The concept of factorial is key to solving many permutation problems. A factorial, often denoted with an exclamation mark (!), refers to the product of an integer and all the integers below it. For example, the factorial of 5, written as \( 5! \), is calculated by multiplying 5 by every positive integer less than 5. Mathematically, you represent this as \( 5! = 5 \times 4 \times 3 \times 2 \times 1 \).
Factorials allow us to determine how many ways we can arrange a set number of items into a unique order. As the number increases, the factorial value grows very quickly.

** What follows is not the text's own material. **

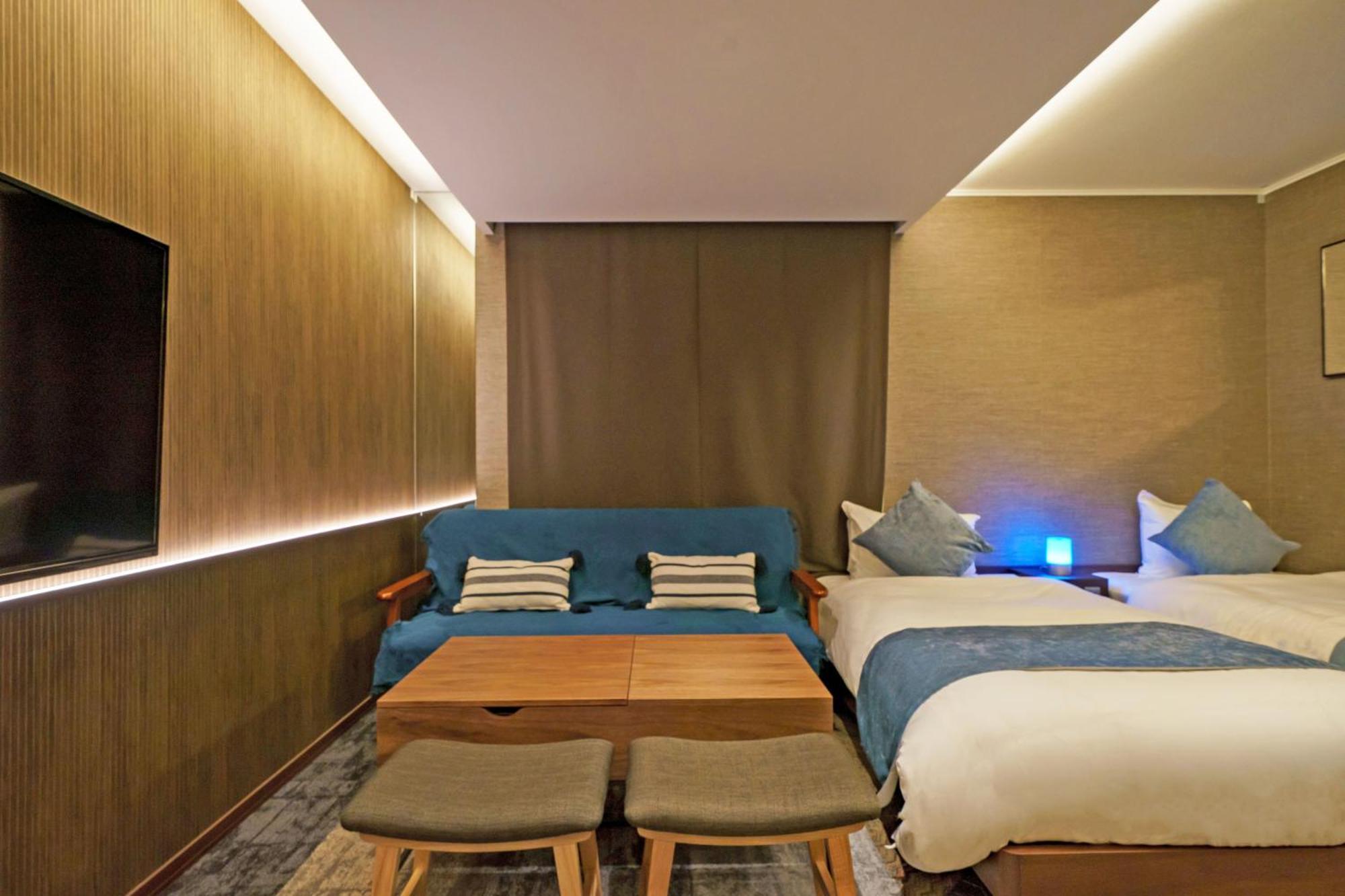 Beautemps 4* Osaka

For instance, while \( 5! \) results in 120 different arrangements, \( 6! \) increases this to 720, showing how factorials capture the complexity of larger sets.
In permutations, factorials are used when every item needs a distinct position, as in the case of planning a unique travel route.

Combinatorics is the area of mathematics that deals with counting, arrangement, and combination of objects. It helps us tackle problems like how many ways we can arrange or select items. Combinatorics is divided mainly into permutations and combinations.
Permutations focus on the arrangement of items where the order is important. For instance, if you are arranging your city visits, changing the order of cities results in a different itinerary, which is a permutation. The total number of permutations with all items being arranged is given by the factorial of the number of items.
Combinatorics is a powerful tool in mathematics because it provides methods to figure out problems that can be too challenging to list out manually, especially for larger numbers.

When talking about arranging items, especially in permutation problems, the order of placement is what matters most. The sequence in which items or steps are arranged can change the nature of the problem entirely. For a group of items, the number of possible arrangements increases factorially with the number of items.
For example, arranging five cities in a travel plan involves calculating how many unique sequences can be formed. Using the factorial function, you determine that there are 120 different sequences from those five cities, as each sequence is a unique permutation.
This concept is crucial in scenarios where order dictates the outcome or when each arrangement yields a different result, like crafting schedules, allocating resources, or planning itineraries.